Perhaps surprisingly, very little of the hogs is discarded, with everything from the meat to what some might think of as waste being converted into product that is sold—even if that includes fertilizer sold to farm operations.
In the end, attention to resources like water—in the case of Clemens’ operation, much of it reclaimed, cleaned and reused—is included in the environmental permitting process.
“We’ll have a facility where process water, including that used to clean trailers, is treated before ultimately being discharged to the city of Coldwater,” said Fink, who added that minimizing the amount of waste is central to the company’s strategy. “Our plans are to recycle as much as possible.”
In its application to the Michigan Department of Environmental Quality, Clemens’ consultants pointed to the design of the state-of-the-art facility as one that was “subject to the same high levels of cleanliness as the meat packaging industry, greatly reducing the potential for odors.”
Family and business
At Clemens Food Group there are some 300 family shareholders out of a total of 700 family members, with the seventh generation just recently born. Primarily, members of the fourth and fifth generation are managing the company.

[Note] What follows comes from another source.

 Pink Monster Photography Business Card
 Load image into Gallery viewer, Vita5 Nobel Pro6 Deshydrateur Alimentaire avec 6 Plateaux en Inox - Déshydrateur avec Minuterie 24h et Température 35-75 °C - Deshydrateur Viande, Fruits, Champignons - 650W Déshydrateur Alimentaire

Getting along with the family is something, says Doug Clemens, that came from the deliberate decision to separate family from business.
“If you were to be interviewing one of my nephews, he would tell you if he wasn’t performing in the job, I would be the first to be at his house, consoling him on the loss of his job.”
Clemens, as part of his earlier strategic planning role, became determined not to see the family business fall prey to a sobering statistic: that 97 percent of family enterprises cease to exist after the third generation. “We made that a conscious decision and we’re adamant that the responsibility to continue is for generations to come. Stewardship is one of our core values.”
The company, with roots in the Mennonite faith, also adopted a value of generosity, with 10 percent of pre-tax profits going to charity.
And while Clemens himself has worked nowhere other than the business, he has at least one child who will work somewhere else to get the “outside” experience before taking on a management role.
“We do strongly recommend that family members work elsewhere for about five years,” says Clemens. “It’s a matter of having the diversity of experience, which we think is important.”